Using NMR to Validate First-Principles Granular Flow Equations

TL;DR

This paper employs NMR techniques to experimentally validate first-principles models of granular flow in vibrofluidized and gas-fluidized beds, providing detailed measurements of density, motion, and bubble dynamics.

Contribution

It introduces NMR-based methods to directly measure granular flow properties and verifies first-principles hydrodynamic theories against experimental data.

Findings

Granular temperature profile matches theoretical predictions.

Measured bubble velocity aligns with model estimates.

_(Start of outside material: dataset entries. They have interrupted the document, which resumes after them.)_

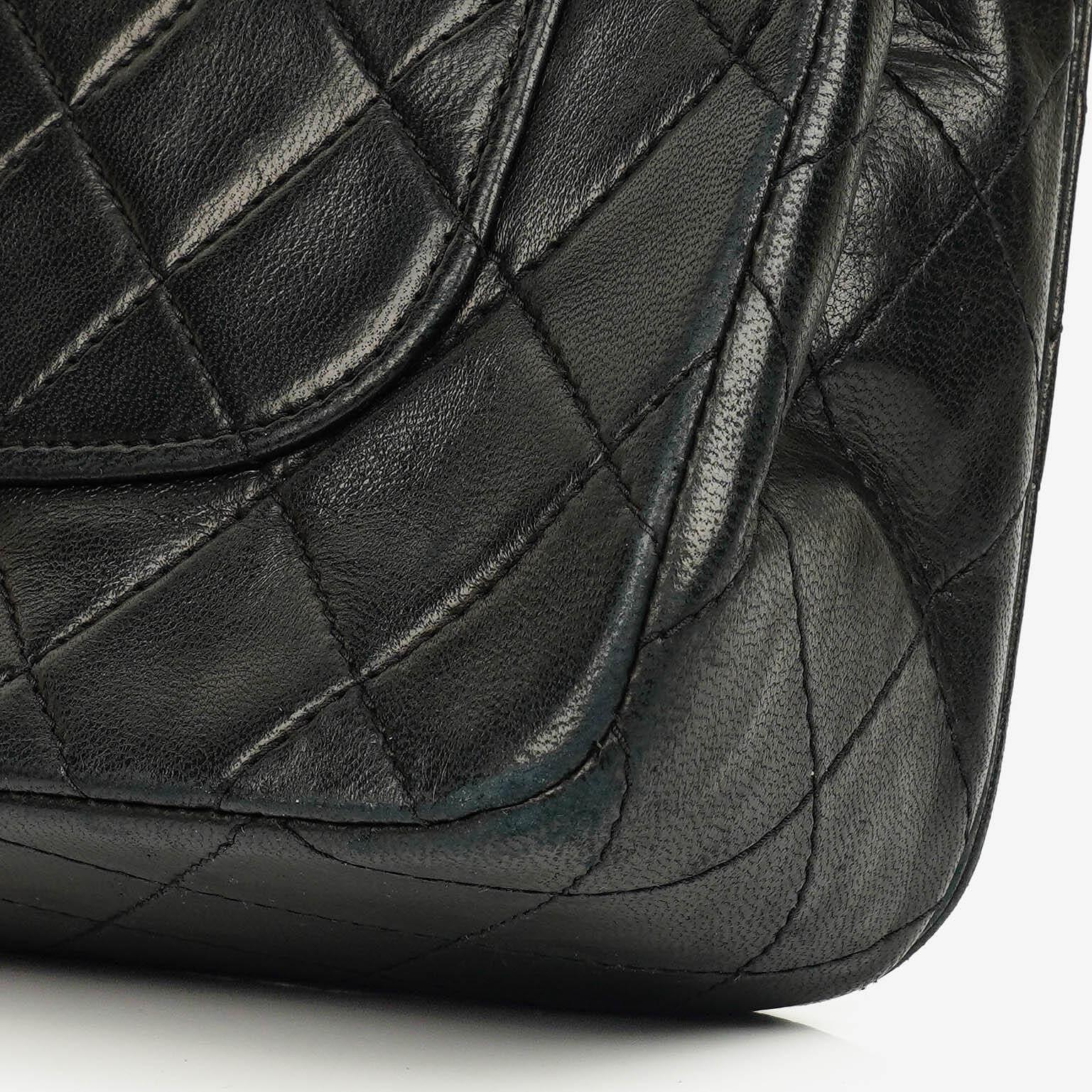 Chanel Vollklappentasche aus schwarzem gestepptem Leder mit 24K vergoldeten Beschlägen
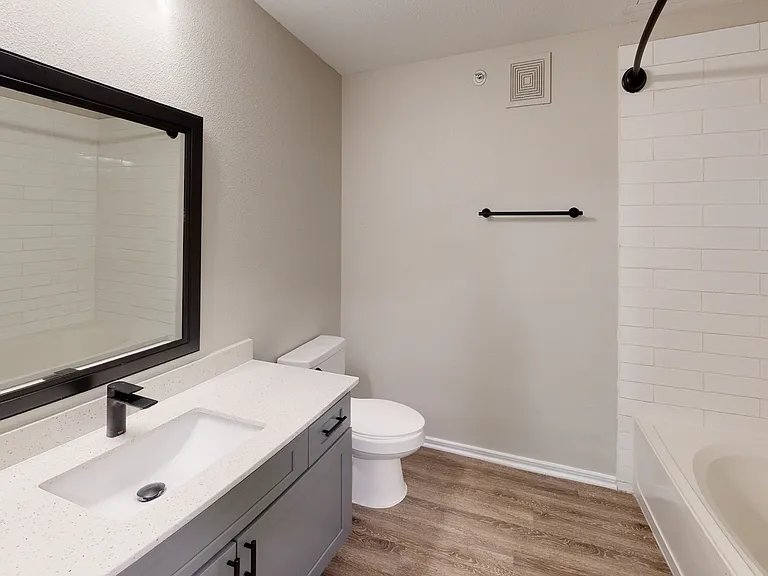 Lakeline Villas — Photo 52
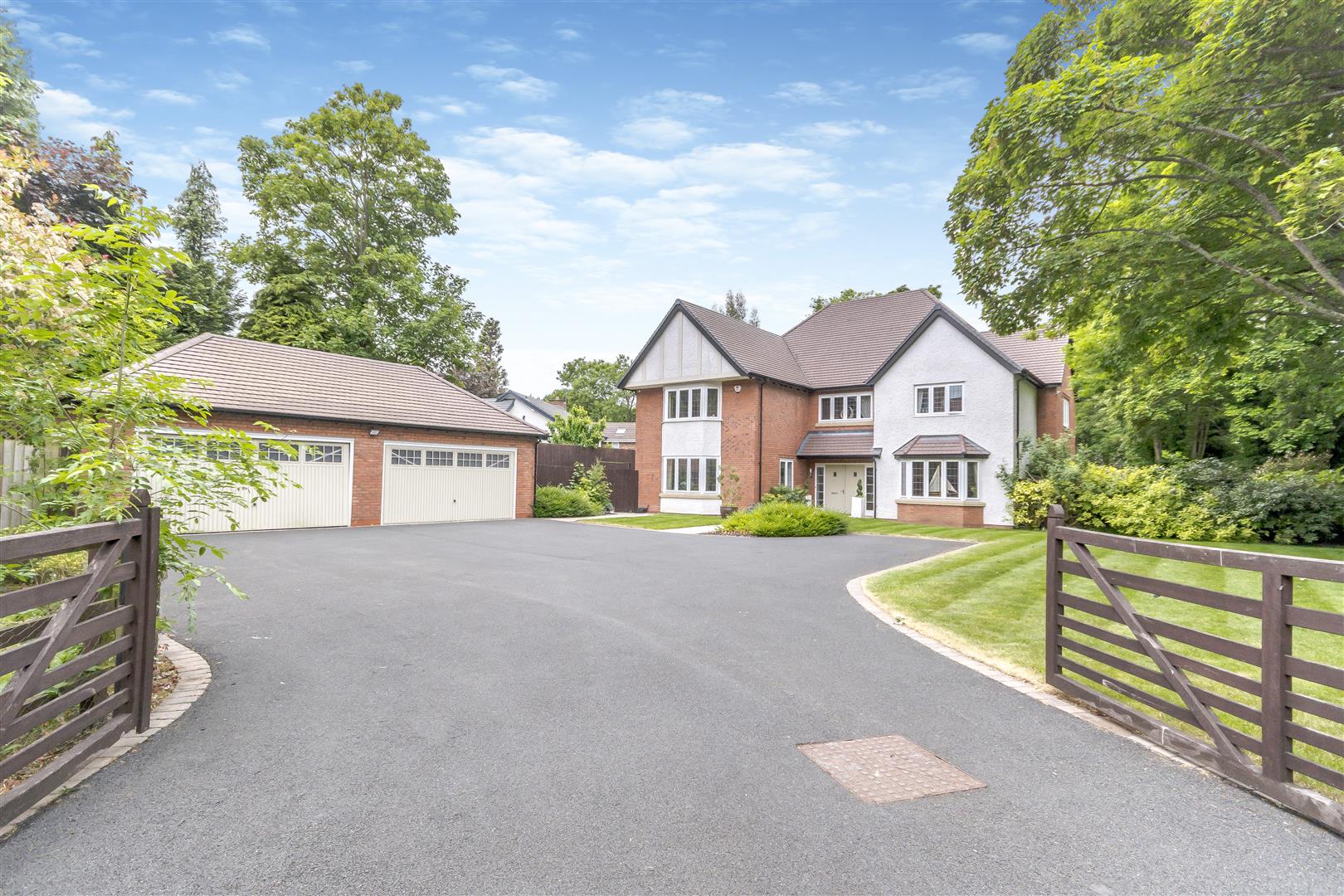 House Keepers Road in Shenstone
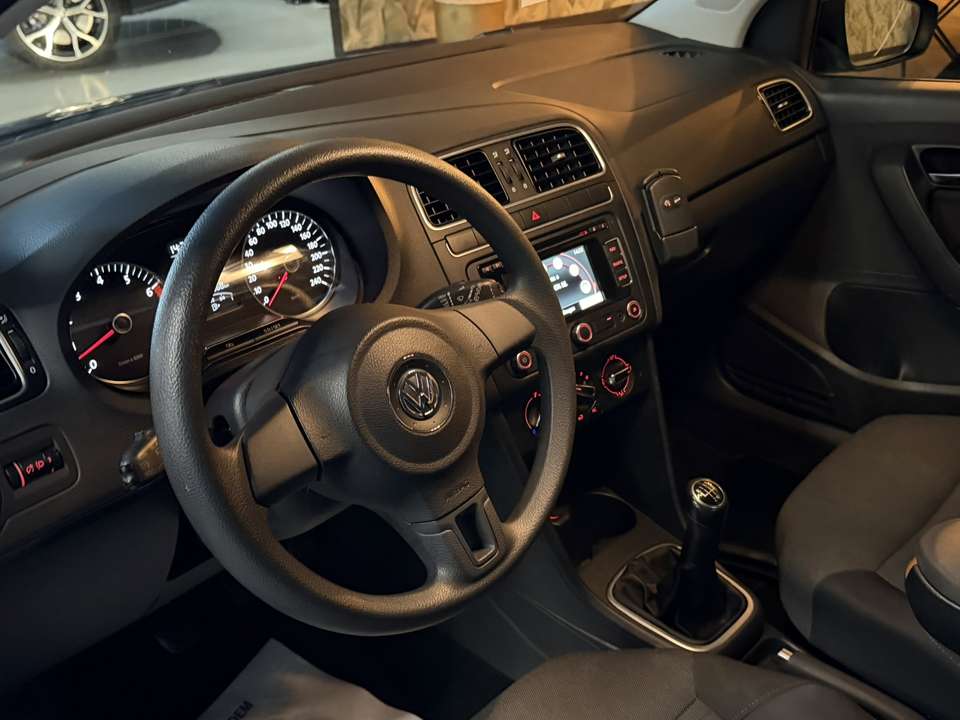 Volkswagen Polo - Imagem 16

NMR techniques effectively capture grain and gas dynamics.

Abstract

Nuclear magnetic resonance (NMR) experiments are described for two granular-flow systems, the vibrofluidized bed and the gas-fluidized bed. Using pulsed field gradient, magnetic resonance imaging, and hyperpolarized gas NMR, detailed information is obtained for the density and motions of both grains and interstitial gas. For the vibrofluidized bed, the granular temperature profile is measured and compared with a first-principles formulation of granular hydrodynamics. For the gas-fluidized bed, dynamic correlations in the grain density are used to measure the bubble velocity and hyperpolarized xenon gas NMR is used to measure the bubble-emulsion exchange rate. A goal of these measurements is to verify in earth gravity first-principles theories of granular flows, which then can be used to make concrete predictions for granular flows in reduced gravity.